What is Intel TME?

Memory attacks have quietly emerged as a new class of hacking techniques to undermine conventional security measures, posing a threat to all data that passes through a system. 

In this blog, you’ll learn how Intel TME (Total Memory Encryption) acts as a necessary safeguard for protecting a system’s memory and preserving functionality to ensure optimal performance. 

What is Intel TME?

Intel TME (Total Memory Encryption) encrypts all data passing to and from a computer’s CPU with a single transient key.

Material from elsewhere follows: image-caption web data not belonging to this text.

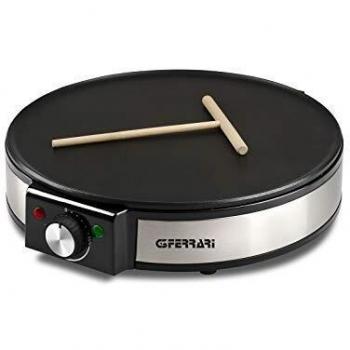 G3 Ferrari G10098 Profi - Crepe - Crepera inoxidable, ajuste de temperatura, diámetro 30 cm, 1200 W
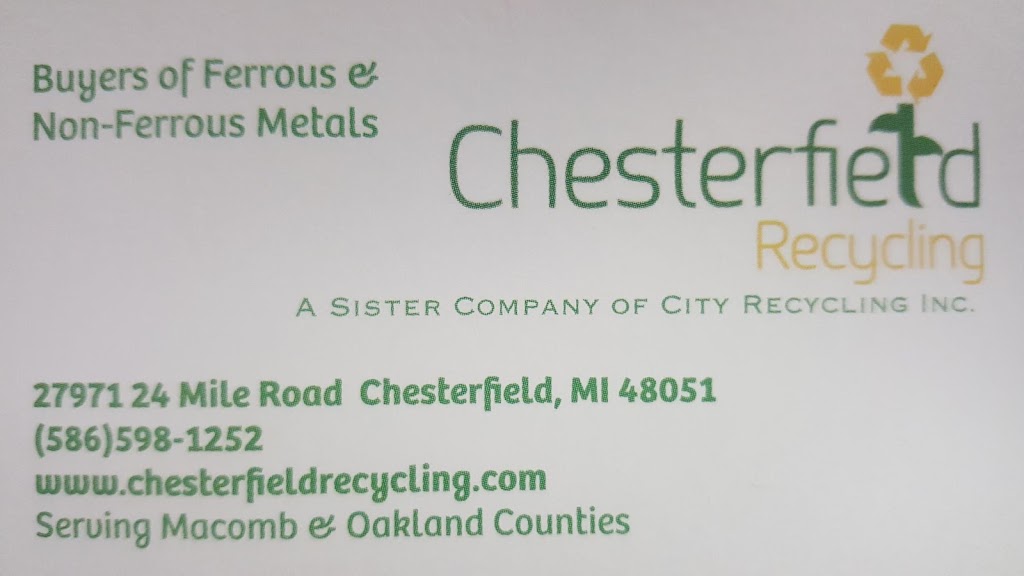 Chesterfield Recycling Inc | 27971 24 Mile Rd, New Baltimore, MI 48051, USA | Phone: (586) 598-1252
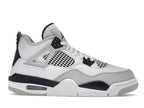 Air Jordan 4 Retro Military Black (GS) - White/Black-Neutral Grey - air-jordan-4-retro-military-black-gs - 02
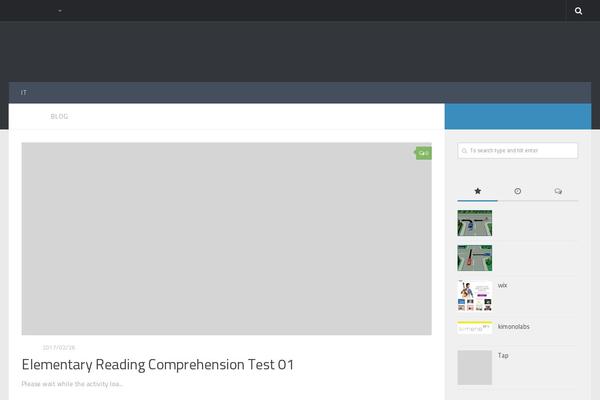 WordPress website example screenshot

Such information includes customer credentials, encryption keys, and other IP or personal information. 

Why is Intel TME important? 

Memory attacks have quietly emerged as a new class of hacking techniques to undermine conventional security measures. 

This new threat includes attacks at the hardware level such as removal and reading of dual in-line memory modules (DIMMs) or the installation of attack hardware.

Without Intel TME, hackers can access critical data, encryption keys, or install malware, compromising the security of a system.

How does Intel TME work?

Intel TME begins in the early stages of the boot process. Once configured and locked, it will encrypt all the data on the external memory buses of a CPU with the NIST Standard AES-XTS algorithm with 128-bit keys.

(NIST is the National Institute of Standards and Technology, AES is the Advanced Encryption Standard, and XTS stands for Tweakable Block Ciphertext Stealing, used for encryption and decryption.) 

The encryption key is generated using a hardened random number generator in the CPU and never exposed to software, allowing existing software to run unmodified while better protecting memory. A new platform key is generated by the processor on every boot. 

Data in memory and on the external memory buses is encrypted and is only in plain text while inside the CPU, similar to storage encryption on hard disks or SSDs.

There are, however, some instances where it would be better to not encrypt a portion of memory, so Intel TME allows the BIOS to specify a physical address range to remain unencrypted. TME can be enabled or disabled by IT admins in the BIOS settings. 

The AES-XTS mode, which is usually used for block-based storage devices, takes the physical address of the data into account when encrypting each cacheline block. This ensures that the effective key is different for each cacheline.

Moving encrypted content across physical addresses results in garbage on read, mitigating block-relocation attacks. 


Source: intel.com. Intel TME (Total Memory Encryption) encrypts all data passing to and from a computer’s CPU with a single transient key.

Benefits of Intel TME

Intel TME’s memory encryption capabilities provide protection of AES-XTS to the external memory buses and DIMMs.

The AES-XTS encryption engine is in the direct data path to external memory buses and, therefore, all the memory data entering and/or leaving the CPU on memory buses is encrypted using AES-XTS. 

Intel TME also provides an extra layer of protection in the event that a computer is stolen, as the data is turned into garbage text (ciphertext) that is of no use to hackers. 

Intel TME and Trenton Systems 

As cyberattacks increase in sophistication, traditional security measures like usernames and passwords are proving to be relatively ineffective against digital and physical threats. 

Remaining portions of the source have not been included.